That Egypt’s economic well-being is dependent on the Nile has been a geopolitical fact of life since ancient times.  Fly over the country, and Egypt’s dependence on the river is starkly illustrated.  Amid vast deserts, the river and its cultivated banks appear as a narrow green ribbon snaking its way to the north, where it widens into a delta before reaching the Mediterranean. The vast majority of Egypt’s 94 million people live adjacent to this fertile belt, along which its main cities from Aswan to Cairo to Alexandria cluster.  The lower Nile valley and the delta together comprise about 3.5 percent of Egypt’s total area.
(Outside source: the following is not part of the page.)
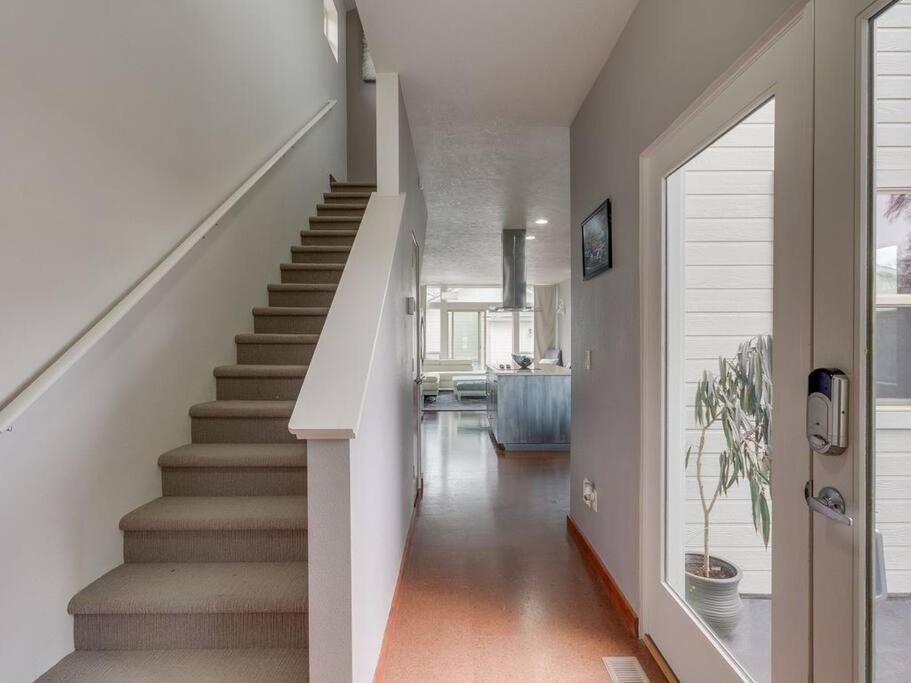 Holiday home Brand New Downtown Modern 5 Beds, 3 Full Baths Vermont Avenue,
The remaining 96.5 percent is mostly desert.

The Nile that enters Egypt is fed from two sources.  The White Nile, flowing through Sudan, supplies Egypt with 15 percent of its water; the Blue Nile, emanating from Ethiopia, provides 85 percent.

During the colonial era the fact that one of the the Nile’s main tributaries rises in Lake Victoria, which lies in Tanzania and Uganda, and runs through what are now eleven African countries before discharging into the Mediterranean, held little significance.  Scant consideration was given by colonial rulers to the needs or the rights of the African hinterland. Given the priorities of the time, it is scarcely surprising that a 1929 treaty with Britain provided Egypt with a virtual monopoly over the Nile waters with veto rights over all upstream projects. In 1959, under the provisions of this treaty, Egypt signed a deal with Sudan which guaranteed the two countries use of 90 percent of the Nile waters.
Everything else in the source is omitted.